Earlier yesterday, he campaigned with former Virginia governor Mark R. Warner (D), a candidate for U.S. Senate, at a town hall meeting in Bristol in southwest Virginia.
The campaign had sent out e-mail alerts and posted fliers at Metro stops recruiting volunteers for the event at Nissan. More than 600 people responded and showed up at 11:45 a.m., sporting shirts in varying shades of green, as the campaign instructed.
Gina Bellamy, 46, told her boss that she felt sick and needed to take the rest of the day off. Bellamy, a school nurse in Prince William County, planned to leave work at noon, but when she heard reports that as many as 50,000 people were expected at the rally, she didn't want to chance it. So she left about 11 a.m.
"I even pulled my baby out of school, and I never do that," Bellamy said, referring to her 14-year-old daughter, Stephanie. "But she told her teachers the truth and said that she was going to see Obama."
"She doesn't get it, but one day, she is going to tell her kids about how her crazy mama dragged her to see Obama. I didn't just want her to watch it on TV. I wanted her to see this," Bellamy said.

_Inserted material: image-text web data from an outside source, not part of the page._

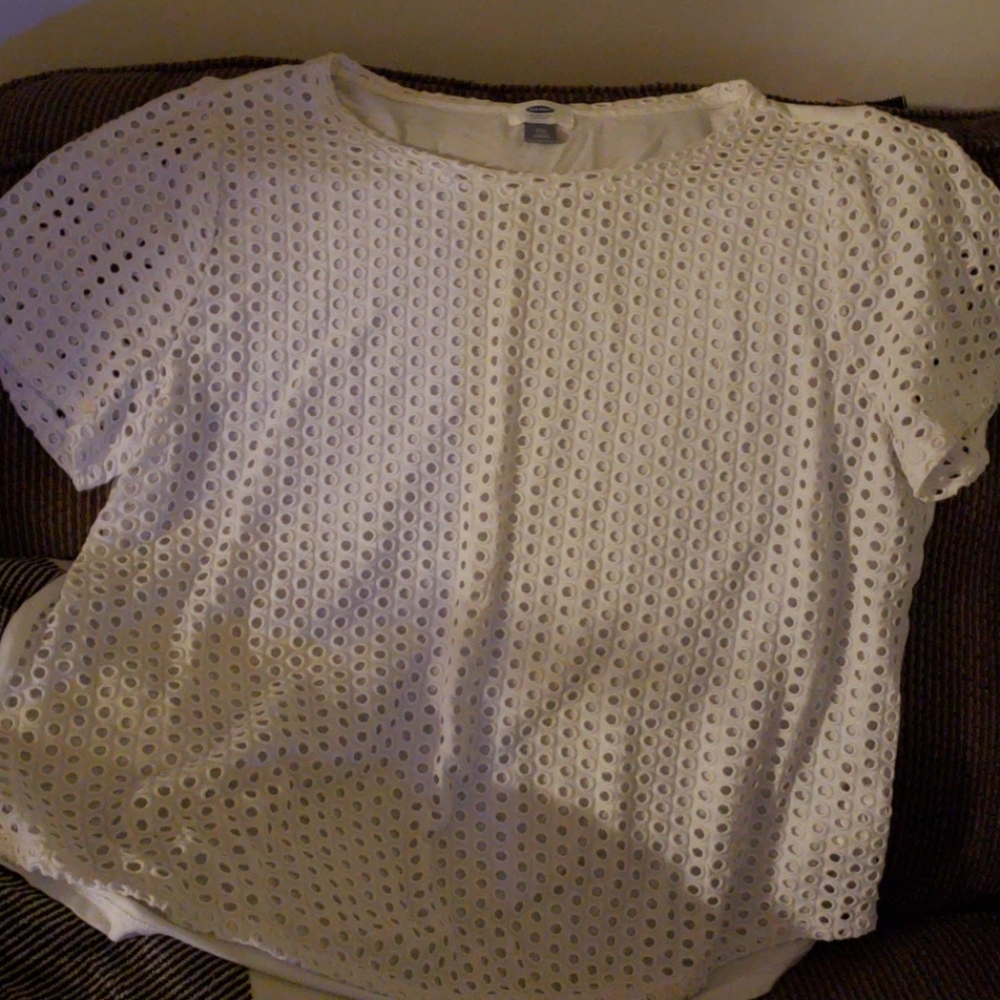 Cute old navy ladies shirt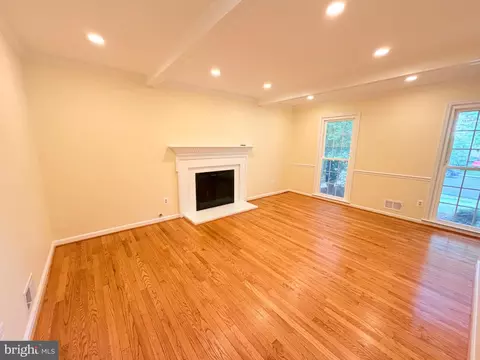 Living - 8853 Applecross Ln, Springfield, VA 22153 photo 2 of 5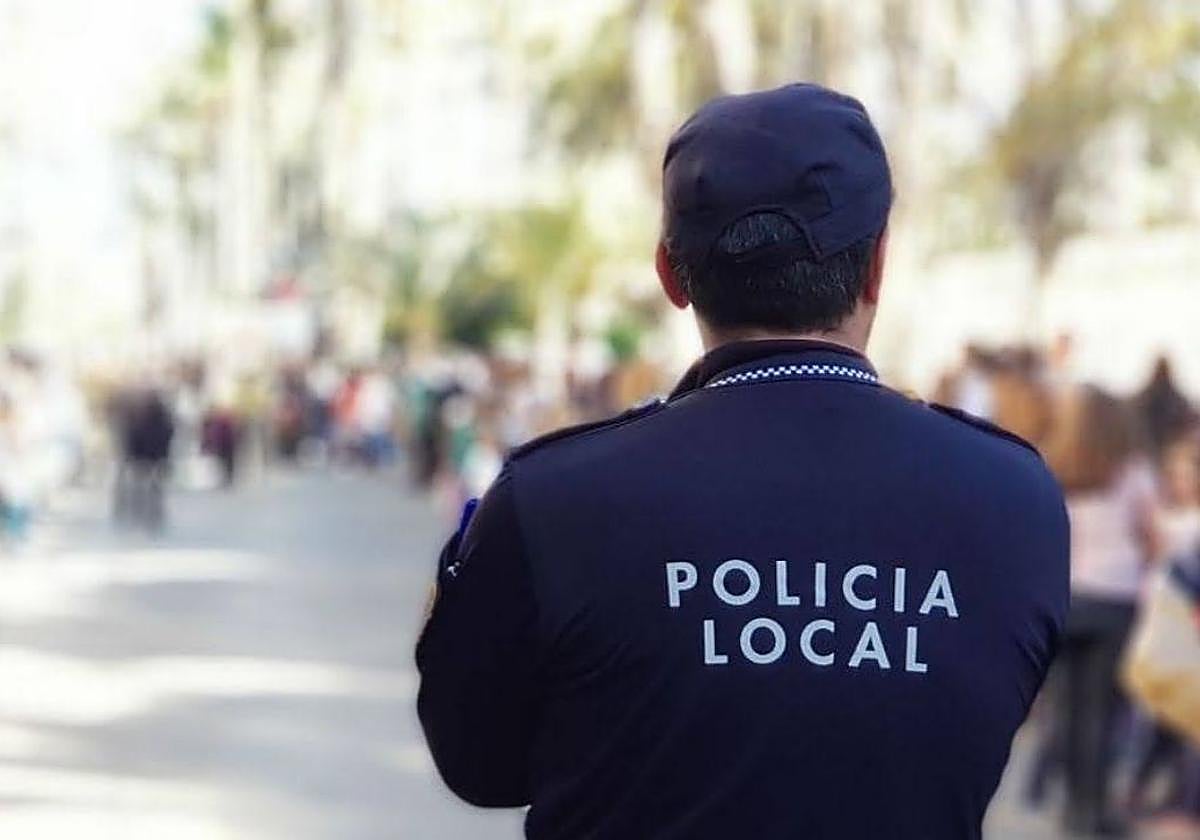 Agente de la Policía Local de Elche.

Pamela Supanik, 48, of Fairfax County, said she went to the rally at Nissan Pavilion to be converted. Through the hard-fought campaign, she had supported Clinton (D-N.Y.) for the Democratic nomination.
"She was my candidate; now I need to educate myself about him," Supanik said of Clinton and Obama. "I'm here to see where he stands on the issues and whether anything he says resonates with me."
The rally drew people from across the region.
Anna Lee Clubb, 18, of Manassas cast her first ballot for Obama in the February primary. The Virginia Tech freshman was excited after hearing him speak in person for the first time yesterday. "Virginia is going to be important in the general election, and he's proven his policies are what we need," she said.
Wyman Robinson and his family caravanned from Maryland's Montgomery County. He packed three generations of relatives, ages 3 to 62, in two cars.